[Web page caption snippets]

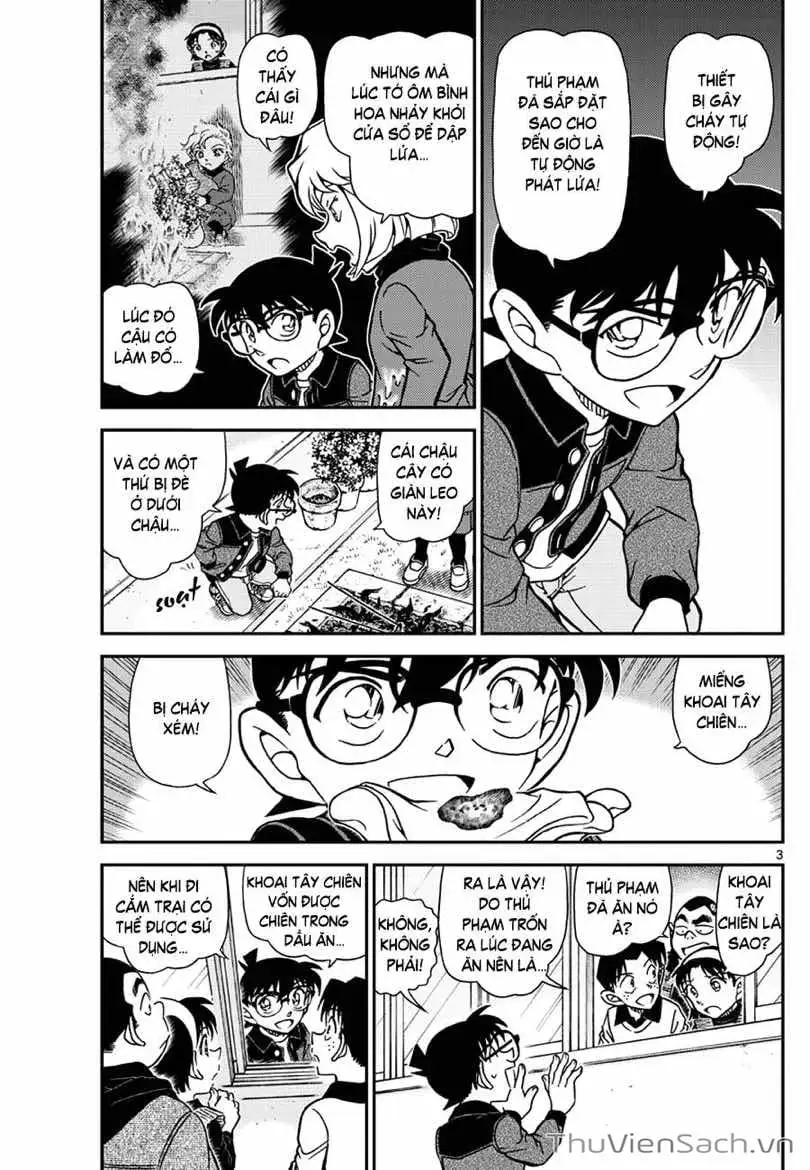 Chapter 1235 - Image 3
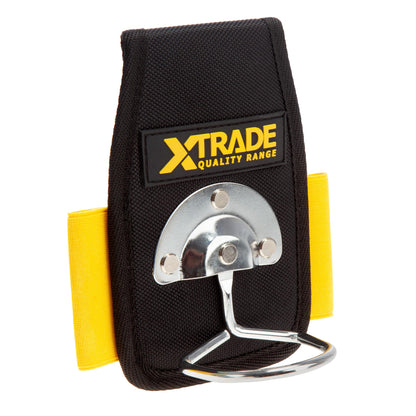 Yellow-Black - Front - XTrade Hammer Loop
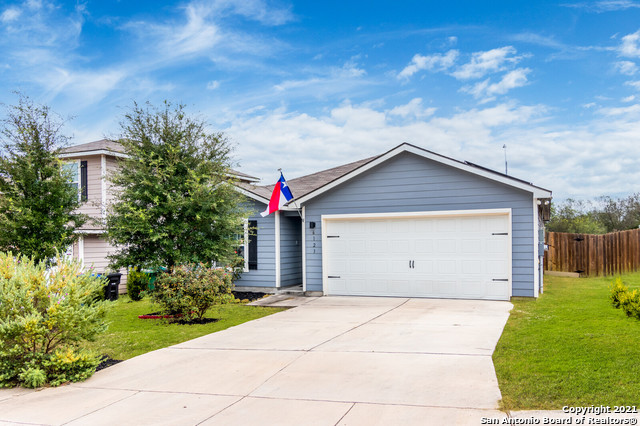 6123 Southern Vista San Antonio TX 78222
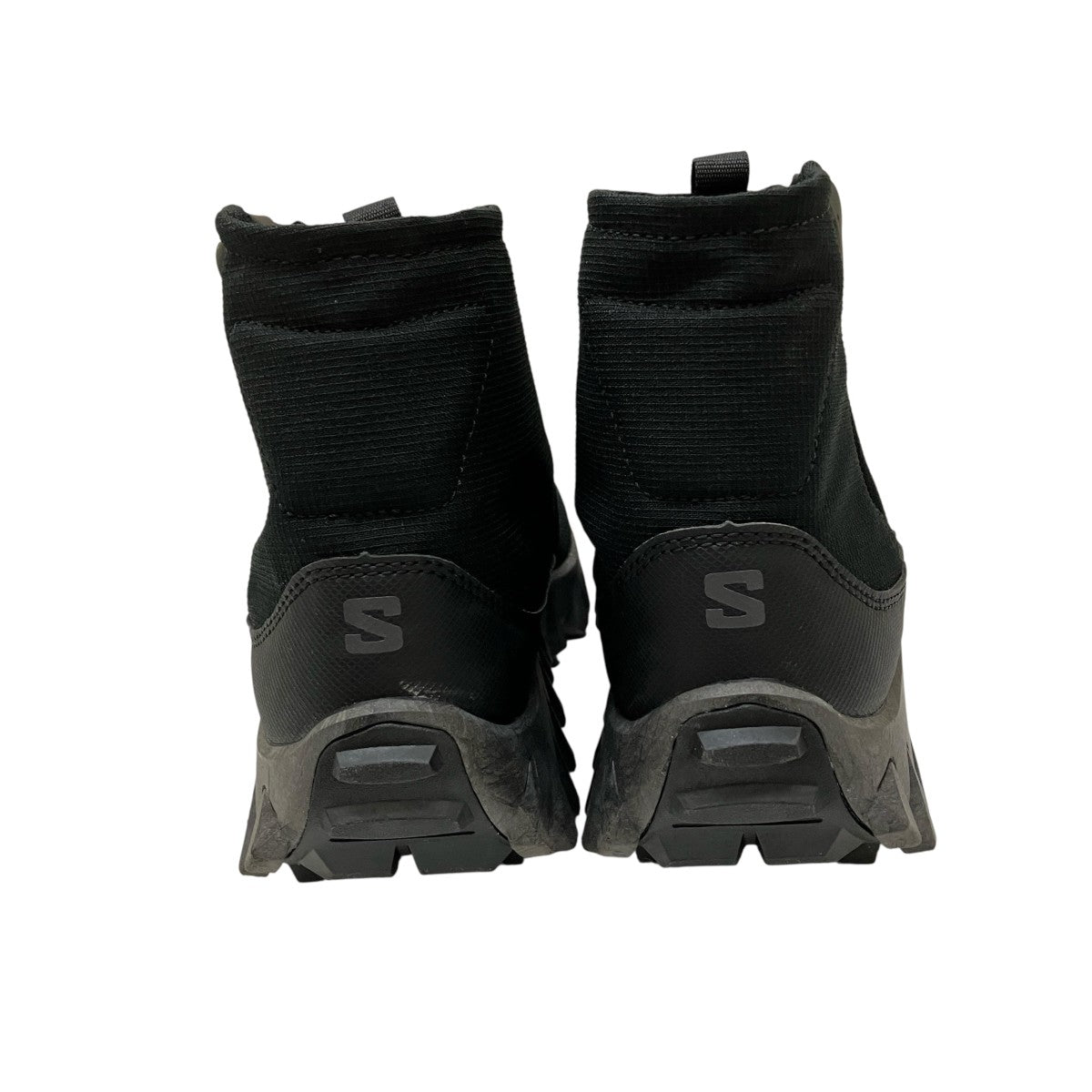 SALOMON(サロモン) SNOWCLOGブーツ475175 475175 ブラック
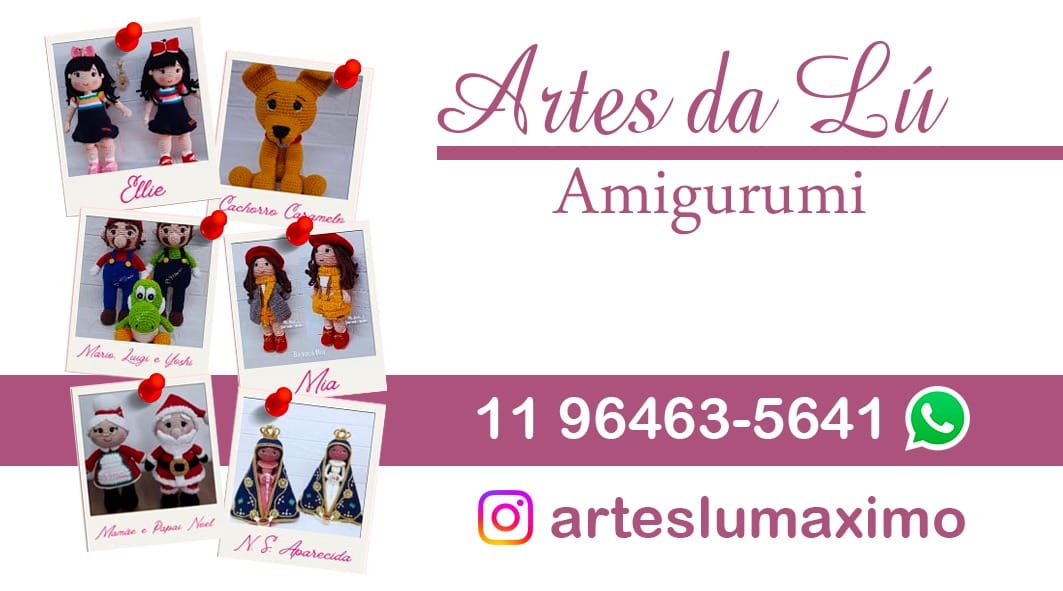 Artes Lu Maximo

--

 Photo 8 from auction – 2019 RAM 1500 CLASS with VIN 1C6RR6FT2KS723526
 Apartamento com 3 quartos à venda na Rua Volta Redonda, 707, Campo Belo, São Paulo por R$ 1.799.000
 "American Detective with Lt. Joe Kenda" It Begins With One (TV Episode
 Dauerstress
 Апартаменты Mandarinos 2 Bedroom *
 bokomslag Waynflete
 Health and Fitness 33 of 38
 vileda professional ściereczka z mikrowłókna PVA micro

---

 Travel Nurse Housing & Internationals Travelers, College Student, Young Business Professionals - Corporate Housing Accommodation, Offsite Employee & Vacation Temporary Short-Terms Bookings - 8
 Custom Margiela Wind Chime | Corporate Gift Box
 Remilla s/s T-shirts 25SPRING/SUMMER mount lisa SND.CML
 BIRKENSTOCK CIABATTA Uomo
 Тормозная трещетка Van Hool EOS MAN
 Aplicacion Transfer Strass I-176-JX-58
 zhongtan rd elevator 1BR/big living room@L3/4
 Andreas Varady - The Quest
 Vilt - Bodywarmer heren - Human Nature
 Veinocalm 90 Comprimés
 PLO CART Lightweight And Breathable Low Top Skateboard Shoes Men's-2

Required work
In the data above, each line holding "with" is to be found and copied.

Output for this exercise
 Photo 8 from auction – 2019 RAM 1500 CLASS with VIN 1C6RR6FT2KS723526
 "American Detective with Lt. Joe Kenda" It Begins With One (TV Episode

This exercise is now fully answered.